ARM suite test regressions: api.disA32, api.disT32, many more
We did not have ARM tests being run for a while. Now that we have a CDash machine back up, I compared its debug run yesterday to the most recent on that same machine name from April 2018:
http://dynamorio.org/CDash/viewTest.php?buildid=35255
Testing started on 2018-04-18 23:37:13
Name Status Time Details Labels
code_api|client.drmgr-test Failed 5s 810ms Completed (Failed)
code_api|linux.signal_race Failed 1m 30s 690ms Completed (Failed)
code_api|linux.eintr-noinline Failed 1m 30s 220ms Completed (Failed)
code_api|tool.drcachesim.invariants Failed 1m 30s 410ms Completed (Failed)
code_api|tool.histogram.offline Failed 1m 31s 760ms Completed (Failed)
code_api|tool.drcachesim.delay-simple Failed 8s 340ms Completed (Failed)

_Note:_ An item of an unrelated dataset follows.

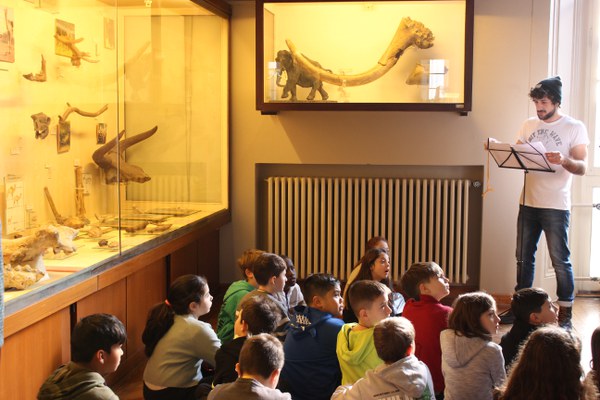 Il carnevale degli animali al Museo... Sulle note di Saint-Saëns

http://dynamorio.org/CDash/viewTest.php?buildid=44194
Testing started on 2019-06-21 23:30:26
Name Status Time Details Labels
code_api|linux.signal_race Failed 1m 30s 20ms Completed (Failed)

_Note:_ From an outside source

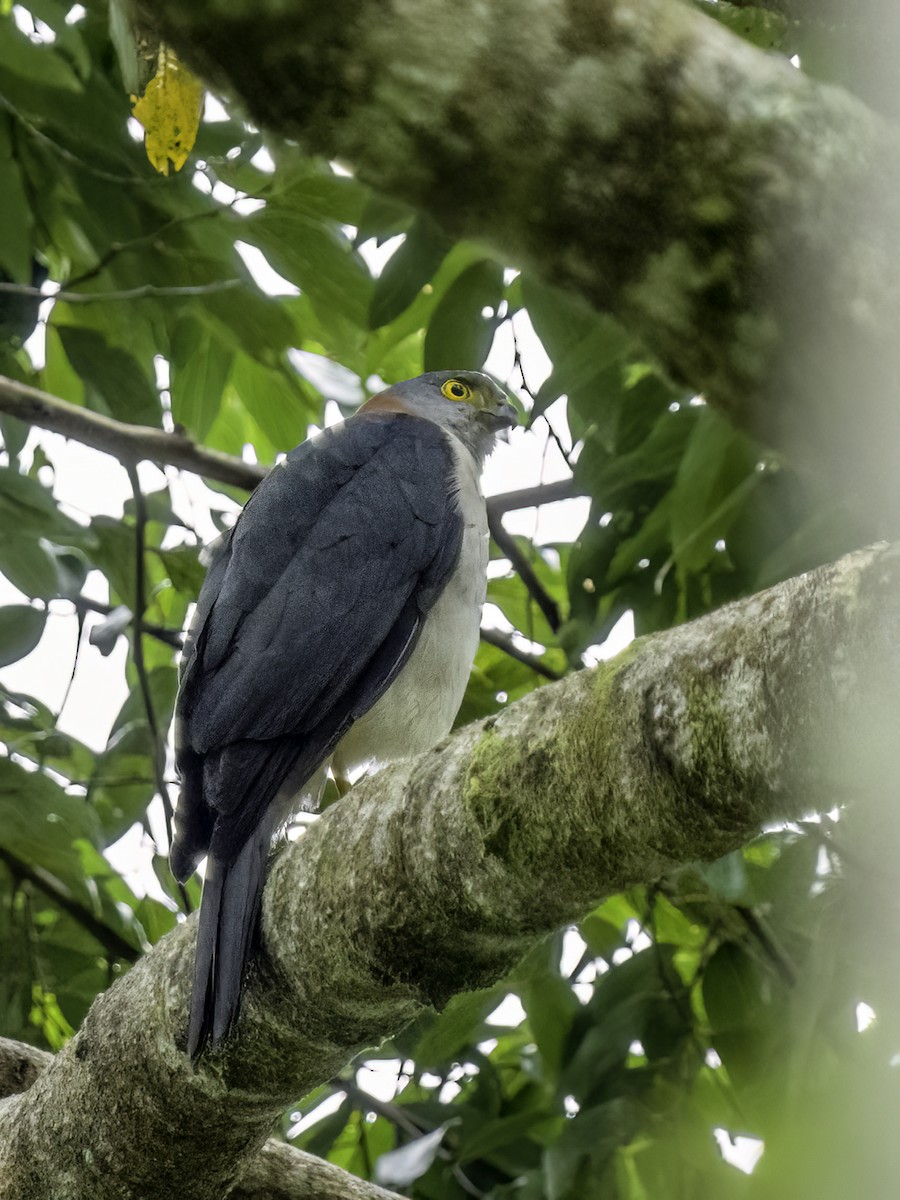 Rufous-necked Sparrowhawk - ML516584641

code_api|linux.eintr-noinline Failed 1m 30s 180ms Completed (Failed)
 code_api|linux.sigsuspend Failed 1m 30s 100ms Completed (Failed)
 code_api|tool.drcacheoff.simple Failed 6s 770ms Completed (Failed)
 code_api|tool.drcacheoff.filter Failed 8s 820ms Completed (Failed)
 code_api|tool.drcacheoff.opcode_mix Failed 7s 620ms Completed (Failed)
 code_api|linux.syscall_pwait Failed 10s 890ms Completed (Failed)
 code_api|client.predicate-test Failed 1s 110ms Completed (Failed)
 code_api|client.drreg-test Failed 1s 520ms Completed (Failed)
code_api|client.drmgr-test Failed 3s 410ms Completed (Failed)
 code_api|client.drutil-test Failed 2s 420ms Completed (Failed)
 code_api|sample.opcodes Failed 510ms Completed (Failed)
code_api|tool.drcachesim.delay-simple Failed 4s 110ms Completed (Failed)
 code_api|tool.drcacheoff.multiproc Failed 12s 390ms Completed (Failed)
 code_api|api.disA32 Failed 1s 360ms Completed (Failed)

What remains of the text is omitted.